Debate Magazine

BFI Puts Diversity at Heart of Funding Decision-making

Posted on the 10 July 2014 by Markwadsworth @Mark_Wadsworth

From Televisual
The BFI has adopted a new ‘three ticks’ approach to film funding to ensure productions meet diversity targets.
The three ticks assessment means that applicants to the BFI Film Fund can only secure financial backing if they demonstrate commitment to diversity across three areas of their production, ranging from the make up of the workforce to the stories and characters on screen.
The new approach comes into force in September. At least one tick is needed in a minimum of two areas for a project to be eligible for BFI production funding:
1.       The film features Jason Statham or someone like him driving fast cars around, kicking the crap out of bad guys. Or the film must feature someone with Statham-like properties of being a hard man, having a gravelly voice and being able to say lines like "By the powers vested in me, I now pronounce you man and knife." with a straight face.
2.       The film features a bunch of women in bonnets talking about ways to marry their daughter into the landed gentry while walking around Georgian estates.

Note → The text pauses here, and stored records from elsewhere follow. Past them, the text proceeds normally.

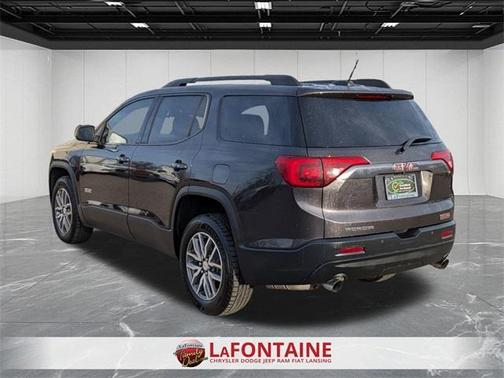 2017 GMC Acadia SLE-2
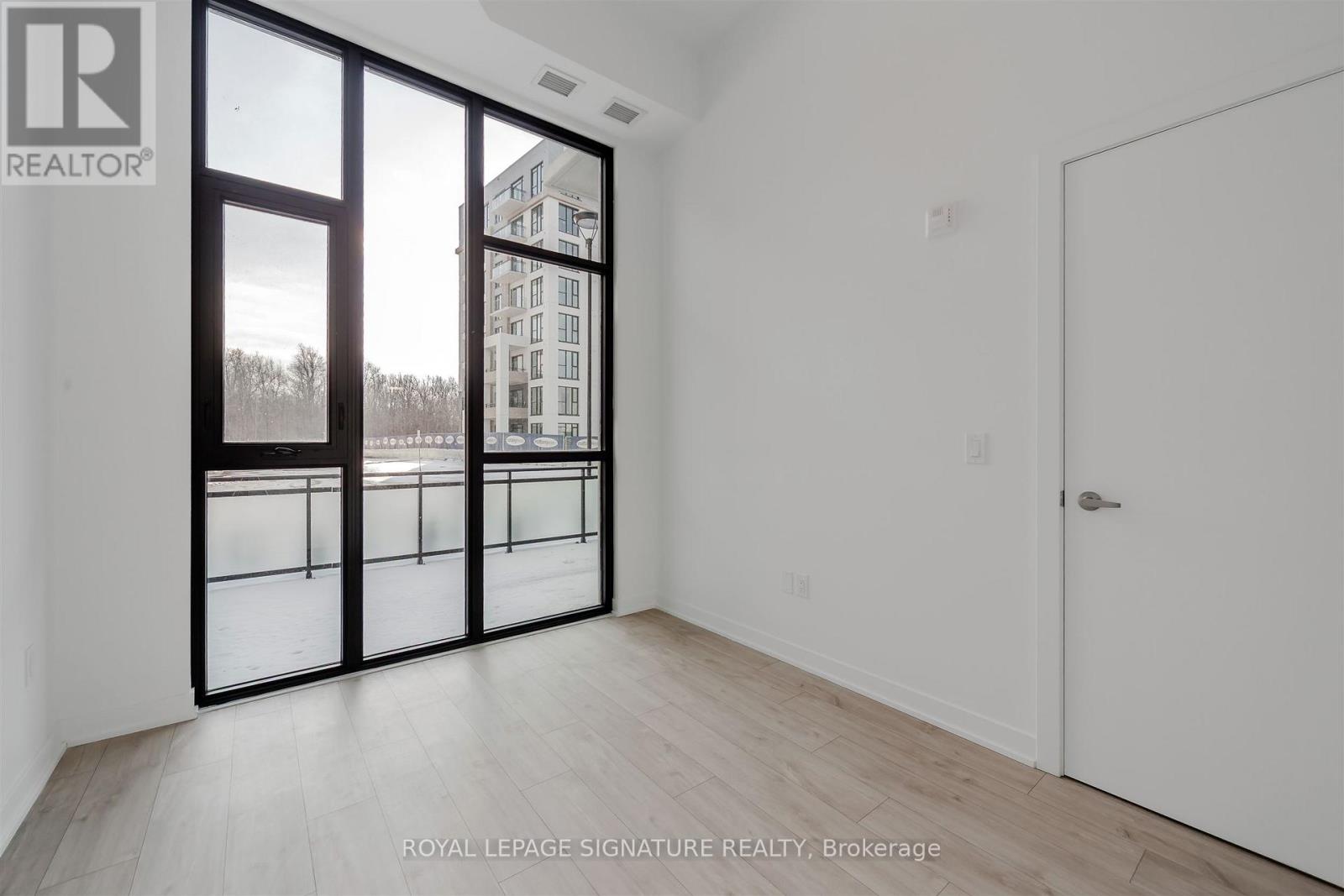 105 - 720 Whitlock Avenue, Milton, Ontario  L9E 2B5 - Photo 17 - W12634734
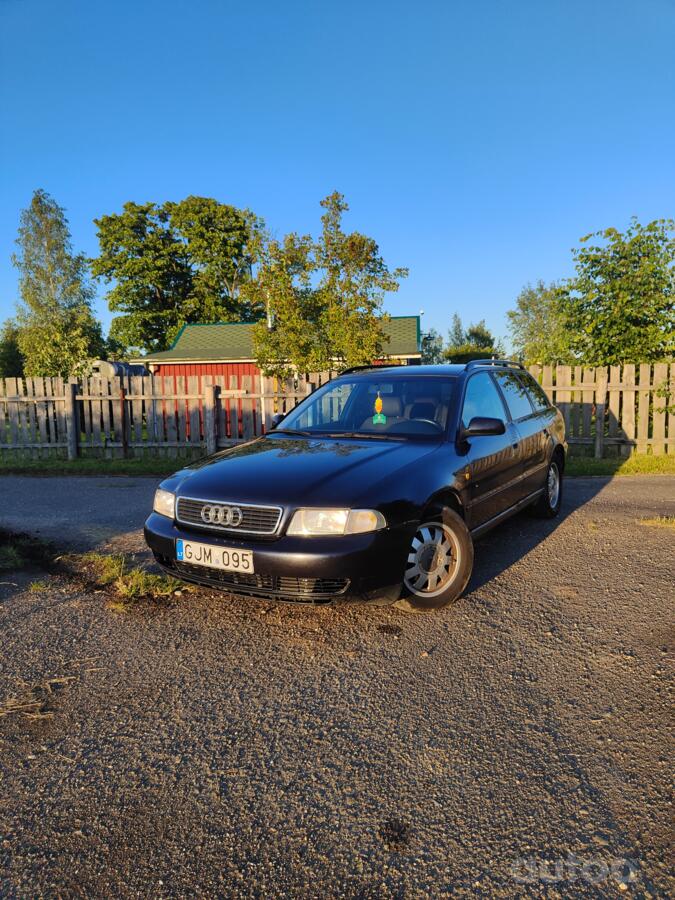 Audi A4 B5 [restyling] Avant wagon 5-doors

Must be written by either Jane Austen or Julian Fellowes and features a beknighted actress, preferably Dame Judi Dench.

3.       The film features a northern inventor and his intelligent dog going off on adventures.
The BFI is firing their current Diversity Expert because no-one outside of Guardian readers pays money to see stories about 1 legged lesbians living in tower blocks, but lots of people like Crank, Downton Abbey and Wallace and Gromit.